El gobernador de Sinaloa con licencia aseguró que acudirá al Ministerio Público de la Federación “con la frente en alto”; la citación incluye a otros nueve funcionarios sinaloenses
La Fiscalía General de la República (FGR) citó de manera formal al gobernador con licencia de Sinaloa, Rubén Rocha Moya, para rendir una declaración de entrevista ante el Ministerio Público de la Federación. Esta acción ministerial se deriva de una carpeta de investigación abierta en México a raíz de las acusaciones y solicitudes presentadas formalmente ante la Corte del Distrito Sur de Nueva York en los Estados Unidos, las cuales vinculan a funcionarios públicos sinaloenses con presuntas actividades de narcotráfico y nexos con facciones del Cártel de Sinaloa, específicamente con “Los Chapitos”.

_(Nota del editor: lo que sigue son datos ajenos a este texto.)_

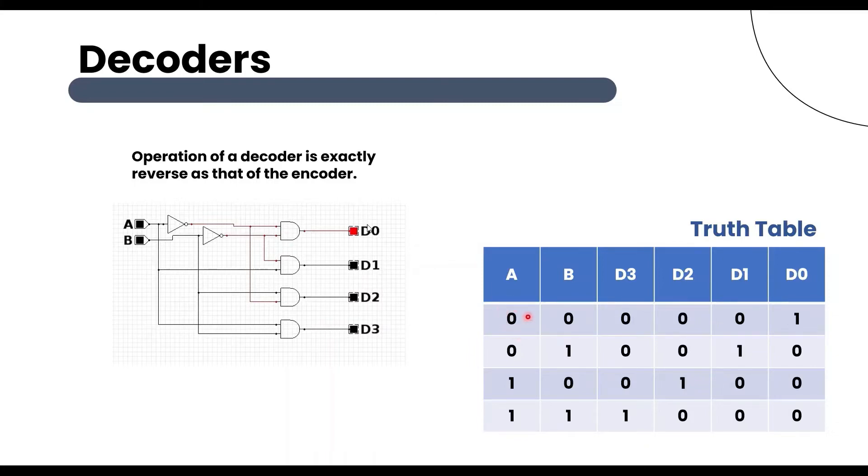Here, input A and B both are 0, then D3 is 0, D2 is 0, D1 is 0, D0 is 1.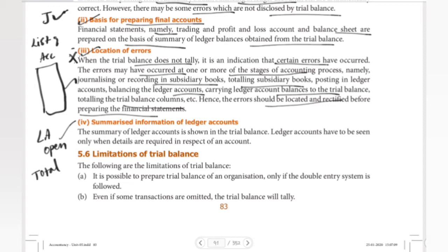Date-wise transactions are reviewed date-wise, so any mistake can be traced date-wise. If you follow this method, errors can be found and corrected easily. By looking at the trial balance, we will know the difference amount and locate the error.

La medida de la FGR no se limita únicamente al mandatario estatal, sino que contempla a un total de 10 ciudadanos mexicanos oriundos de Sinaloa señalados por la justicia estadounidense. Entre las personas citadas a comparecer de igual manera se encuentran el senador Enrique Inzunza Cázarez y el alcalde con licencia de Culiacán, Juan de Dios Gámez Mendívil. Las investigaciones de las agencias norteamericanas apuntan a que Rocha Moya supuestamente sostuvo reuniones con líderes criminales antes de asumir el cargo en 2021, lo que desencadenó que la Interpol emitiera recientemente una ficha roja de localización. Sin embargo, el Gobierno federal ha descartado por el momento un arresto con fines de extradición inmediata, argumentando que Washington aún no presenta evidencias concluyentes ante las instancias mexicanas.
Tras la notificación del citatorio, Rubén Rocha Moya reapareció públicamente en sus redes sociales para confirmar que atenderá el llamado judicial a la brevedad. El mandatario con licencia defendió su inocencia declarando: “No tengo nada que temer, mi biografía testimonia lo que soy”, asegurando que comparecerá con la certeza de que la verdad prevalecerá. Por su parte, la presidenta de México, Claudia Sheinbaum Pardo, respaldó el actuar de la Fiscalía al señalar que estos requerimientos no constituyen una imputación directa ni un juicio definitivo, sino que forman parte de los procedimientos ordinarios y exhaustivos de investigación que el Estado mexicano debe realizar de forma soberana para esclarecer el caso.